- WHAT THE EXERCISE ASKS:
The stretch from the line with "河南省天气预报，新一轮冷空气来袭，多地气温骤降需防寒" through the line with "雨果跨境苹果版手机赚钱软件截图2" in the records below: write it out exactly, and nothing else.

- DATA LISTING:
-*-*-

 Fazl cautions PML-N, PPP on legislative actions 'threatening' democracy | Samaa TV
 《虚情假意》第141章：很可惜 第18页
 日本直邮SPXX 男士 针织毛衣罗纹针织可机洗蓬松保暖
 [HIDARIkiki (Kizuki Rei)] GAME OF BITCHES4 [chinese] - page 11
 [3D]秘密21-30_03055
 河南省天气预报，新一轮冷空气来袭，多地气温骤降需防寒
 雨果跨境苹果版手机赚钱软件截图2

-*-*-

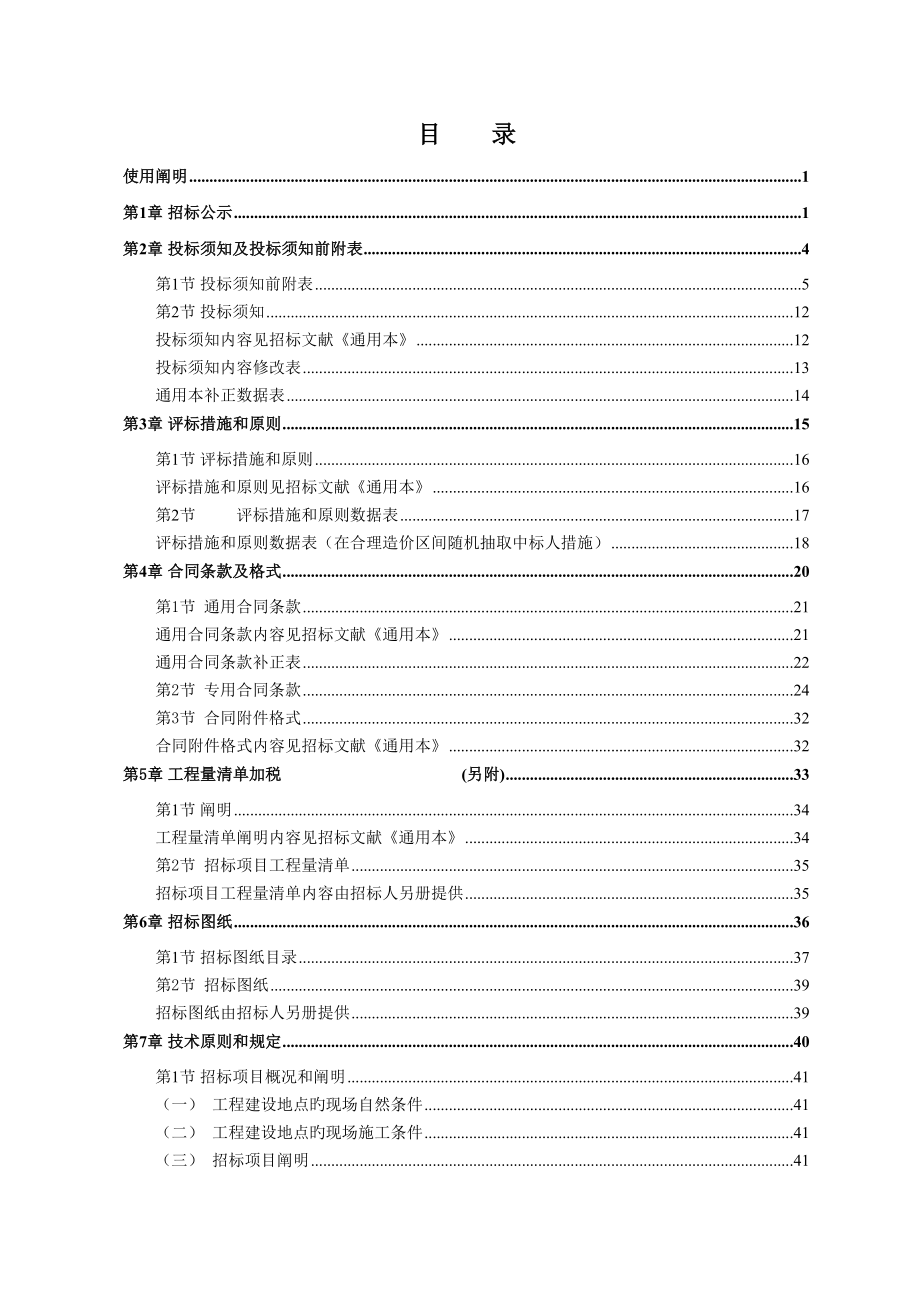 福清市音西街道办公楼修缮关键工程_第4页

-*-*-

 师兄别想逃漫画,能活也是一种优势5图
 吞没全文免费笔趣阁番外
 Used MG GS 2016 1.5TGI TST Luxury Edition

-*-*-

- EXERCISE RESPONSE:
 河南省天气预报，新一轮冷空气来袭，多地气温骤降需防寒
 雨果跨境苹果版手机赚钱软件截图2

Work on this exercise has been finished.